Provided data ::
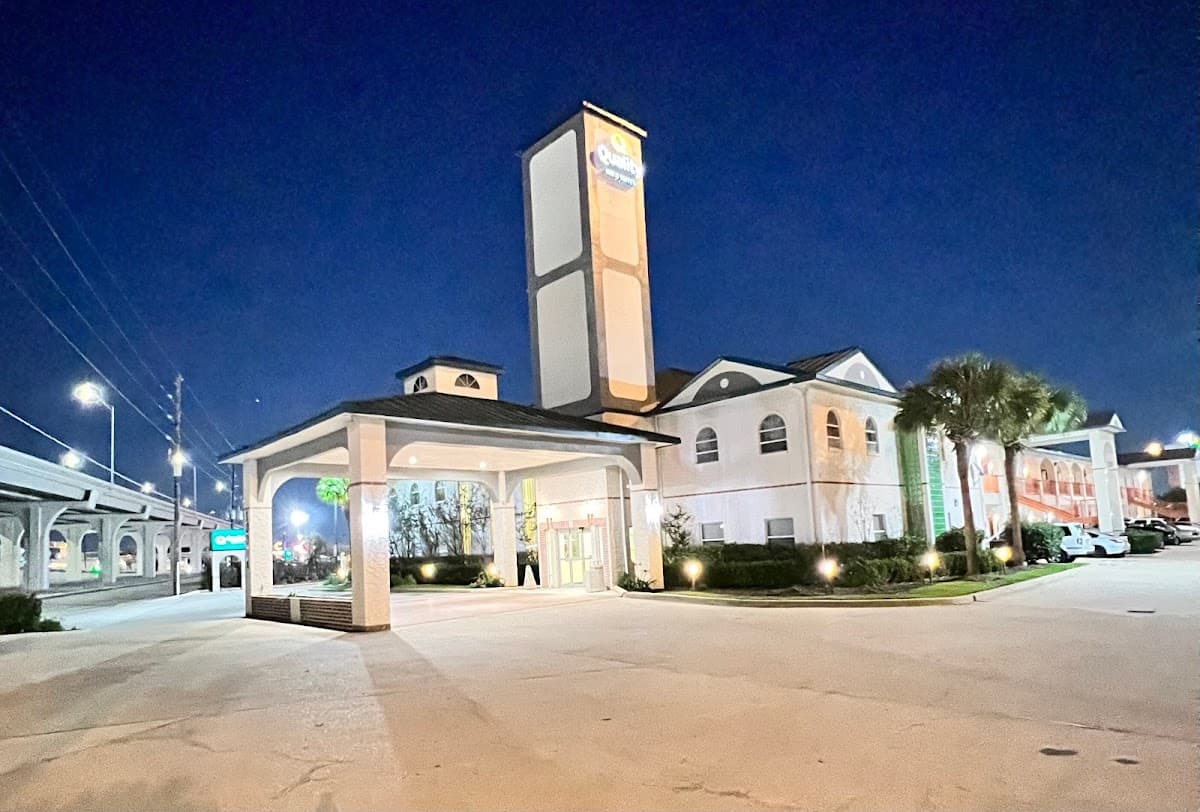 Quality Inn & Suites Houston NW Cypress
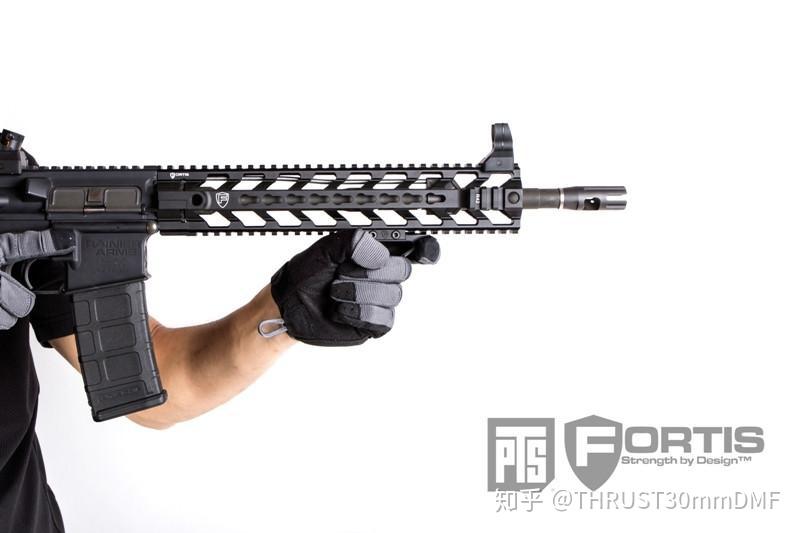 吃鸡中半截式握把轻型握把在现实中手是怎样放的中间的那些窟窿是干啥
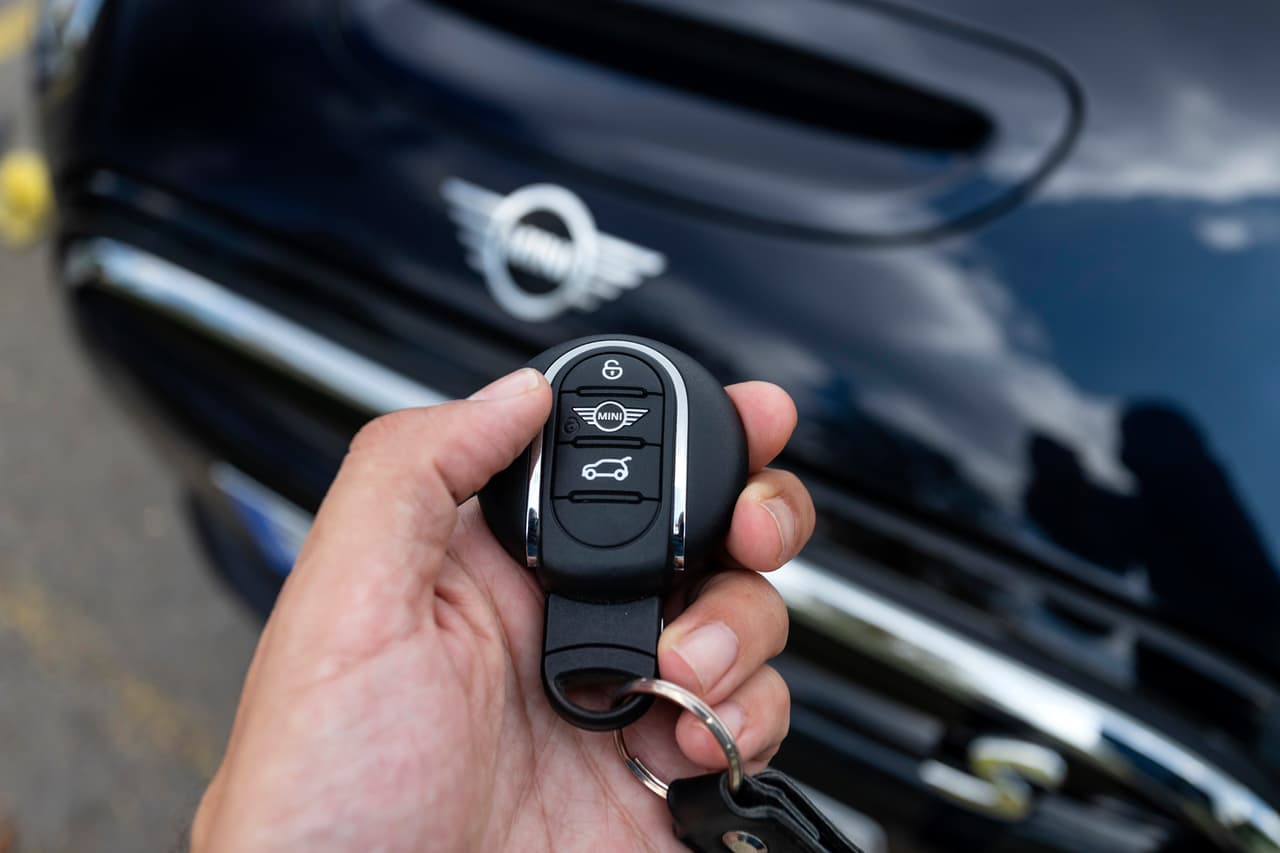 Otras rarezas olvidadas por pasajeros de Uber incluyen 
<b>dos arañas, tortugas, un sensor de pedos, un esqueleto de rata, un gnomo, un robot, un botón de pánico, una lanza, una prueba de paternidad, un cinturón de camepeón de lucha libre y un diente y trasero falso</b>. Destacan también las llaves de autos Mini Cooper.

The problem :: The data above must be given back verbatim, minus its images.

Response box ::
 Quality Inn & Suites Houston NW Cypress
 吃鸡中半截式握把轻型握把在现实中手是怎样放的中间的那些窟窿是干啥
 Otras rarezas olvidadas por pasajeros de Uber incluyen 
<b>dos arañas, tortugas, un sensor de pedos, un esqueleto de rata, un gnomo, un robot, un botón de pánico, una lanza, una prueba de paternidad, un cinturón de camepeón de lucha libre y un diente y trasero falso</b>. Destacan también las llaves de autos Mini Cooper.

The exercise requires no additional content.